We should have one instance running. Clicking on it, we are back to the instance console (see point 8), from where, following again points 8 and 9, we go again on our virtual RStudio.
(15) Terminate the instance
When the script is finished, and if we do not have anything else to run, from the instance console we can “terminate” the instance, as shown below. All done!
Limitations
This quick tutorial is intended as a very basic shortcut to run RStudio on AWS. The pros are that it works, that it should have you run a R script in a handful of minutes and that it does not require any technical knowledge. On the other hand, there are some obvious limitations (all suggestions are more than welcome!):
-
I have not been able to write output files on my local computer. While the modifications of the scripts I made in the instance are saved on my Dropbox, the output files, produced with
write_csv("myLongScriptOutput.csv")
are not. They appear in the “Files” tab in the virtual RStudio and I manually export them from there to my computer (“More>Export”). This is not very elegant. -
The virtual RStudio comes with some packages pre-installed. In particular, the “tidyverse” package, which is the only one I needed, is there. I did not try to install any other package, so I do not know whether this will work straightforwardly or not.
-
The most annoying aspect is that my script runs slower in the cloud that on my laptop! (Around twice slower.) This is probably due to the fact that I am using a “Free Tier” instance, so I would need to pay for more computational power.
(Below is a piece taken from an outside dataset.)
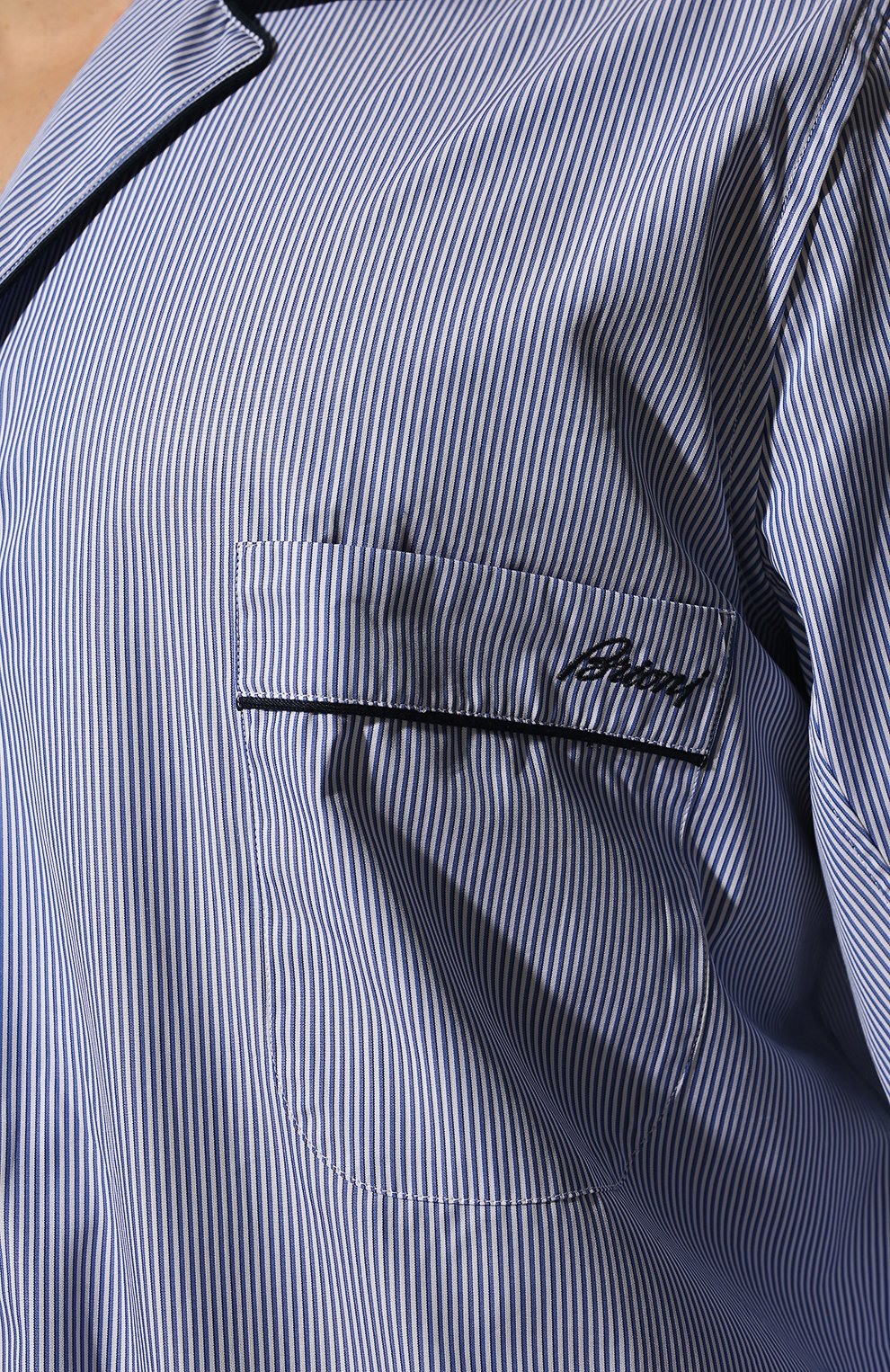 Мужская хлопковая пижама BRIONI синего цвета, арт. NBP30L/0905Q | Фото 7 (Рукава: Длинные; Длина (брюки, джинсы): Стандартные; Кросс-КТ: домашняя одежда; Длина (для топов): Стандартные; Региональные ограничения белый список (Axapta Mercury): RU; Материал внешний: Хлопок)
So, this is a viable option if you are not exactly in a rush, unless someone finds a solution to this.
-
Finally, I just scratched the surface of what one can do (again the goal was to provide a fast and easy solution). I do not have idea of how the majority of the options present in the instance console work, and I did not mention few for which I have some idea. (For example, how to monitor your script, or how to pair your instance with a ssh key so to access it directly from terminal, see point 6).
As usual, comments and feedback welcome, and happy to know about better solutions!